The RAF was dissolved in 1998, based on its assessment of the changed political situation globally. The fact that it was its own decision and that it has not been defeated by the state, obviously remains a thorn in the flesh. Hence the eternal lament of the “myth” yet to be destroyed. Hence the political and moral capitulation demanded from us. Hence the attempts to finalize the criminalization of our history, upto the mendacious proposal of a “Truth Commission”. Whereas the search for those who are still underground, the smear campaigns in the media and the legal procedures against former prisoners continue, we are expected to kowtow publicly. As, in all these years, it didn’t work by “renunciation”, we are now to denounce each other. Save yourself if you can.

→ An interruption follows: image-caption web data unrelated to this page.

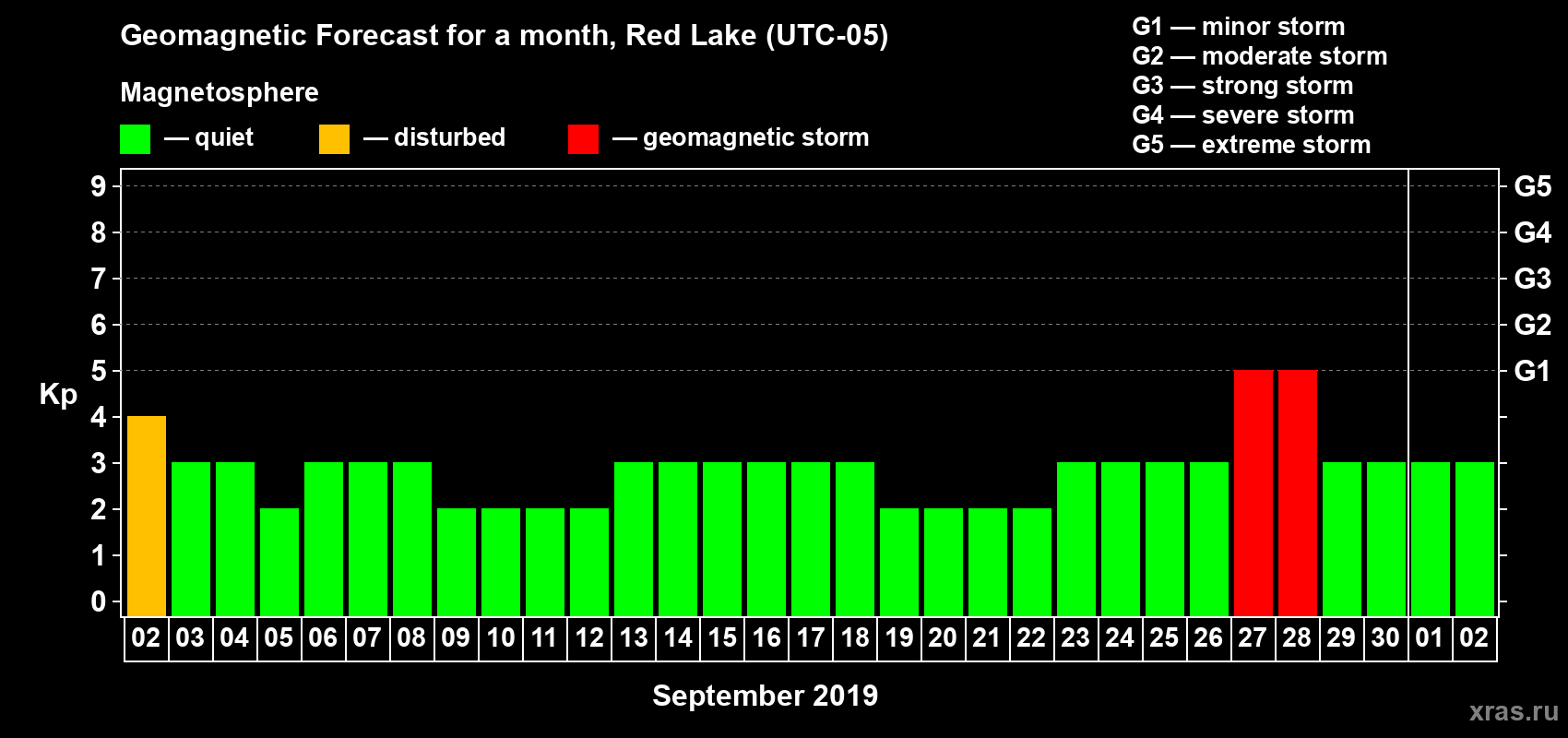 Forecast of the daily maximal value of geomagnetic index Kp for <b>1 month</b> (31 days) <b>from Sep 02, 2019 to Oct 02, 2019</b>
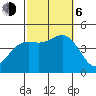Point Loma tide chart for Friday, October 6, 2023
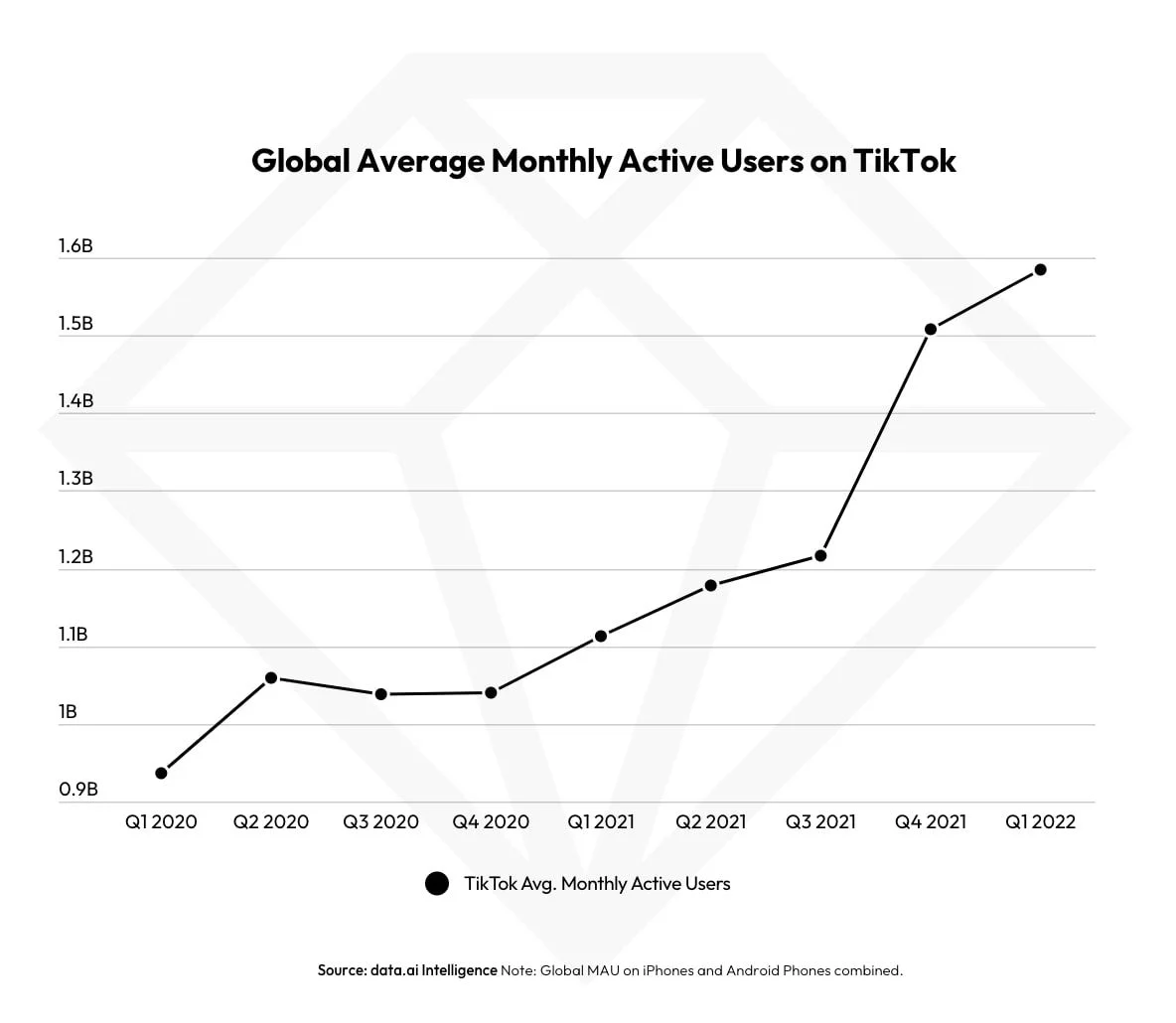 TikTok statistics Vietnam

None of us has testified, not because of any specific “agreement” among us, but because it is a matter of course for anyone with a political consciousness. A question of dignity, of identity – of the side we once took.

Not to testify is not a RAF invention. It has been an experience of the liberation movements and guerilla groups that it is vital to provide no information whatsoever when in custody, in order to protect those who continue the struggle. We have the historical examples of the resistance against fascism. Whoever seriously wanted something politically over here has reflected on these and learned from these. In the student movement, the refusal of testimonies was a widely understood necessity when its criminalization started. Ever since, militants in various contexts have been confronted with the question. For us within the RAF, it has just as much been a necessary condition that no-one testifies. There is no other protection – for those in prison, for the group outside and for the illegal space as such, its movements, its structures and its relationships.

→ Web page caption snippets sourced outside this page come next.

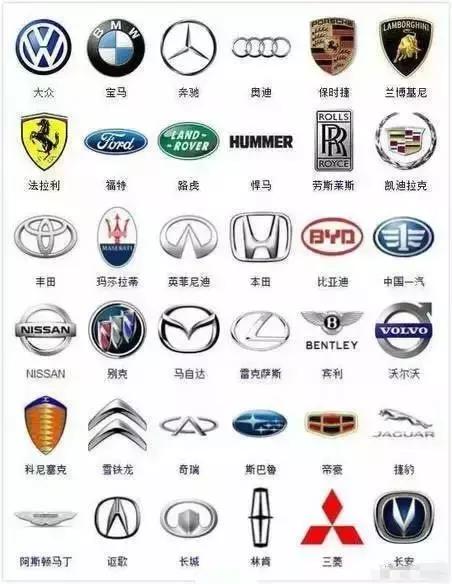 汽车品牌与手机品牌的相似之处及其背后的原因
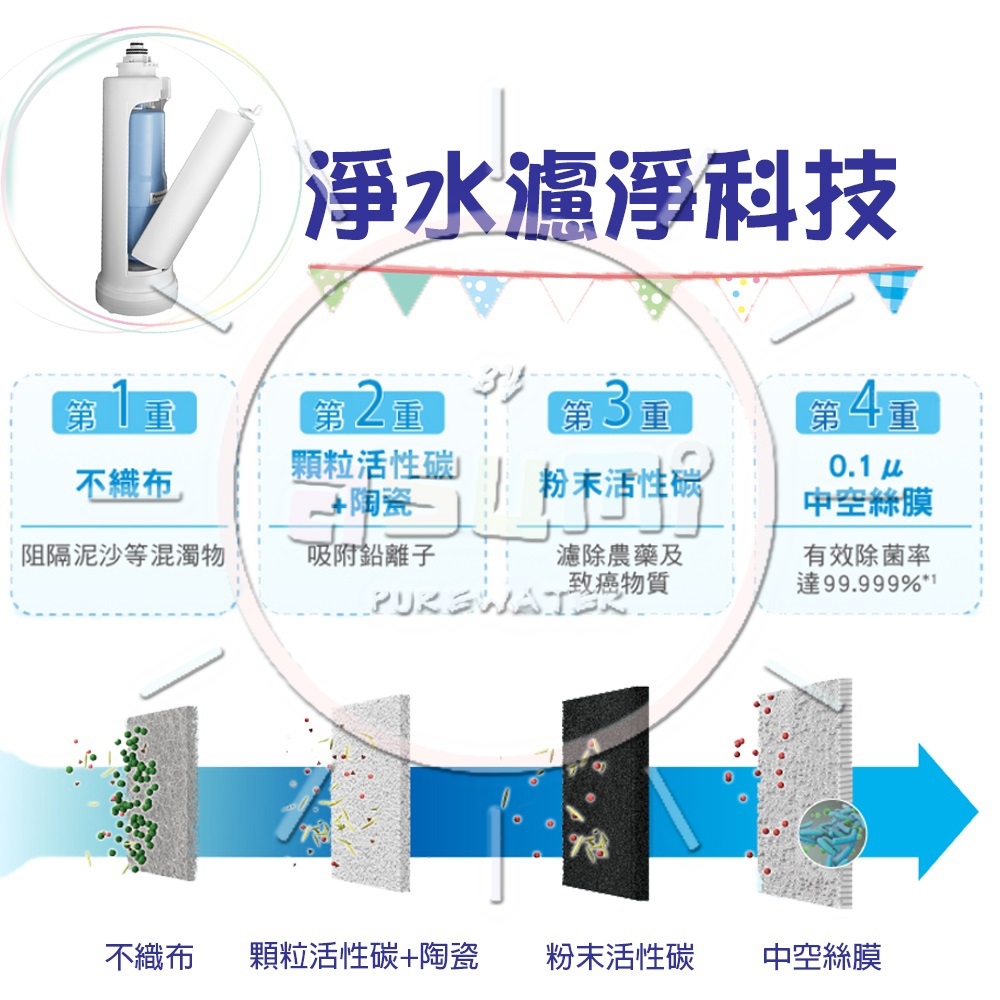 Panasonic國際牌 TK-CB30 - 詳情7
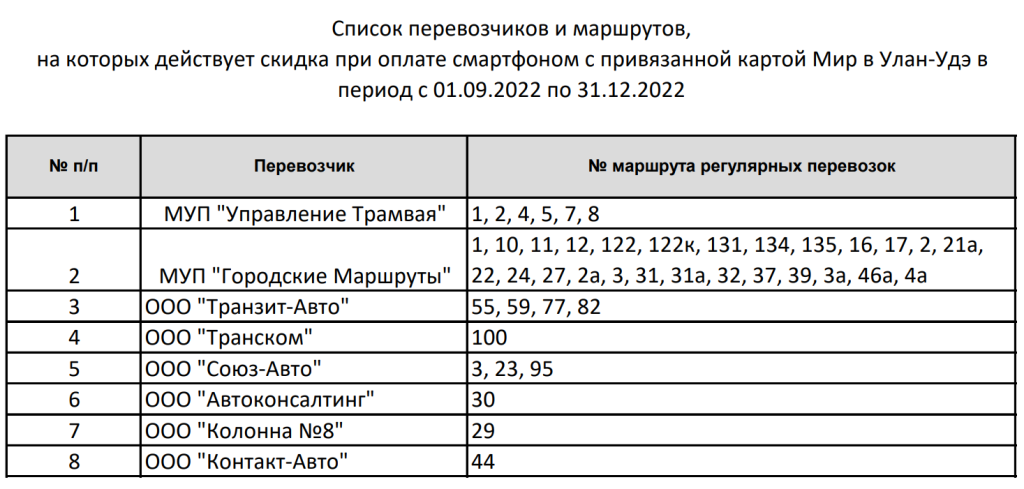 Список маршрутов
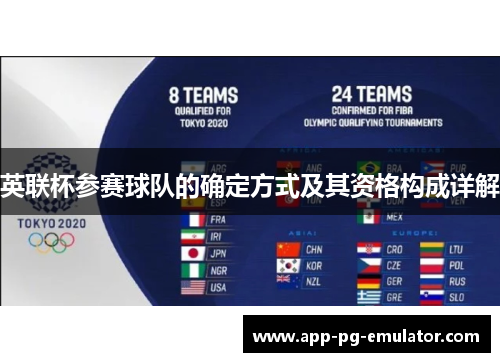 英联杯参赛球队的确定方式及其资格构成详解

But also like this. We don’t testify because we are no state witnesses, not then, not now.
Through all these years, despite “screensearch” technologies, the highly armed state security apparatus hasn’t been able to obtain a reasonably comprehensive picture of our movements. Even those who, under the pressure of isolation, smear campaigns and blackmail, broke down and were used as “crown witnesses”, could not contribute to completing the picture. The bits and pieces put together by state security agencies haven’t been very useful for general counterinsurgency purposes. They have no clue of the approach, the organization, the traces, the dialectics of an urban guerilla in the metropolis. And there is no reason to help them out on this. The RAF’s actions have been discussed and decided collectively when we agreed. All of us, who in a particular period have been part of the group and shared these decisions, obviously have the responsibility for these as well. We have stated this several times, and the way we relate to it doesn’t change by the fact that the RAF is history.

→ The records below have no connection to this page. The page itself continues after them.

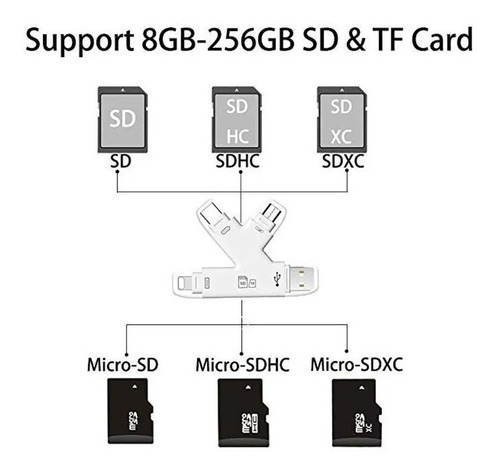 Lector De Tarjetas De Memoria Sd Para iPhone Mac iPad Micro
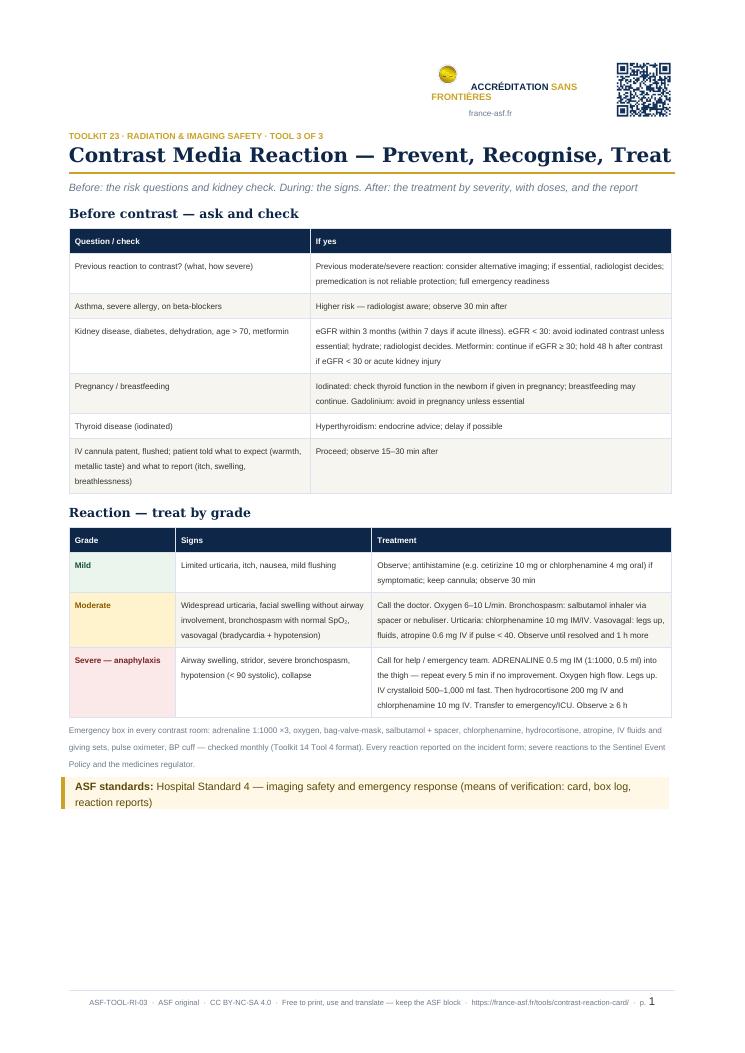 Contrast Media Reaction — Prevent, Recognise, Treat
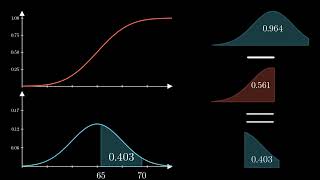 Normal Distribution PDF CDF PPF in 3 Minutes [upl. by Zeiler525]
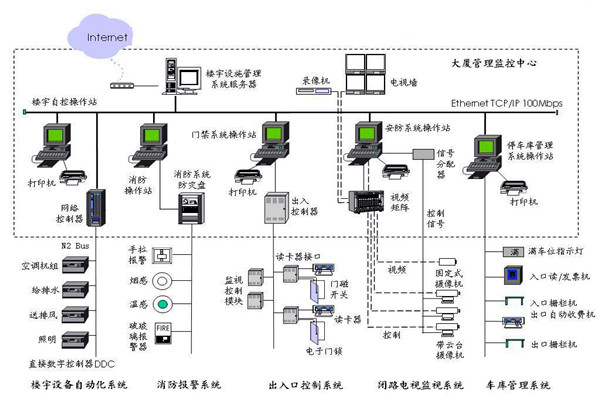 楼宇自控应该满足人们对智能楼宇的哪些需求？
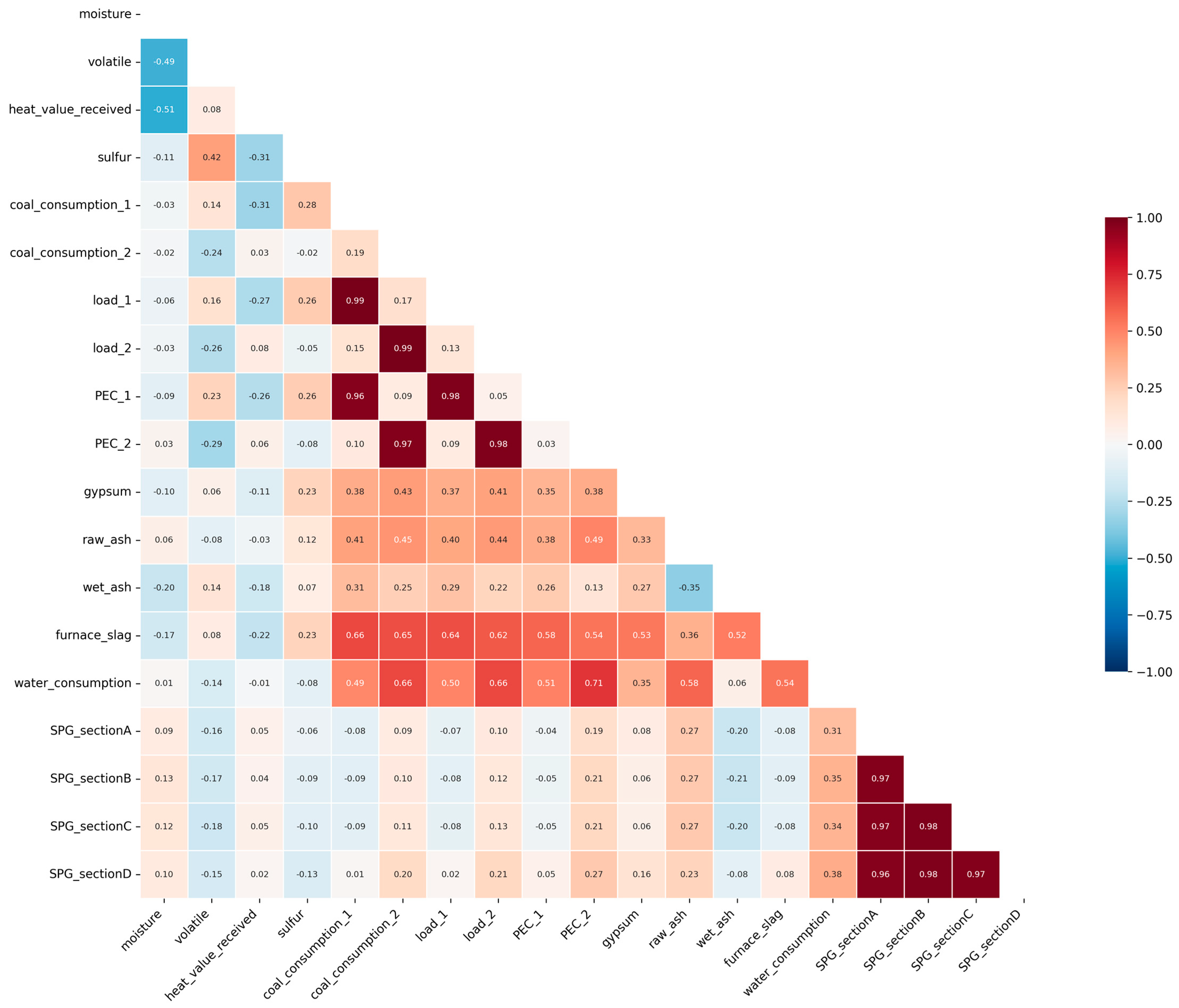 Energies 18 01715 g003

The RAF’s collective structure has been attacked right from the start. It was not supposed to exist, it had to be old school, authoritarian relationships, “officers and soldiers”, ringleaders and followers. Those were the compulsory terms for the police, for the propaganda, and those are their terms today. The judiciary, however, considering itself at the “forefront” against “state enemy number one”, was lacking evidence in court due to our lack of collaboration. Its solution was the “conspiracy” paragraph 129/129a, with which everyone could be made responsible for everything. That’s what the verdicts have been based on, partly, and criminalistic details were only used to suppress political contexts.

In contrast, testimonies which we sometimes provided in the trials against us, during the years of prison, have been determined collectively, as a possibility to say something against the worst shithouse propaganda. For us it was hardly of any importance what the state security’s or judiciary’s attributes and constructions consisted of in detail. We were in prison because we started armed struggle over here, and our interest during the trials in court was, at best, to convey the contents and aims of our policy. A policy of attack in the metropolis which understood and determined its praxis in the context of struggles worldwide for the liberation from capitalism.

If anything remains to be said, then with regard to this policy.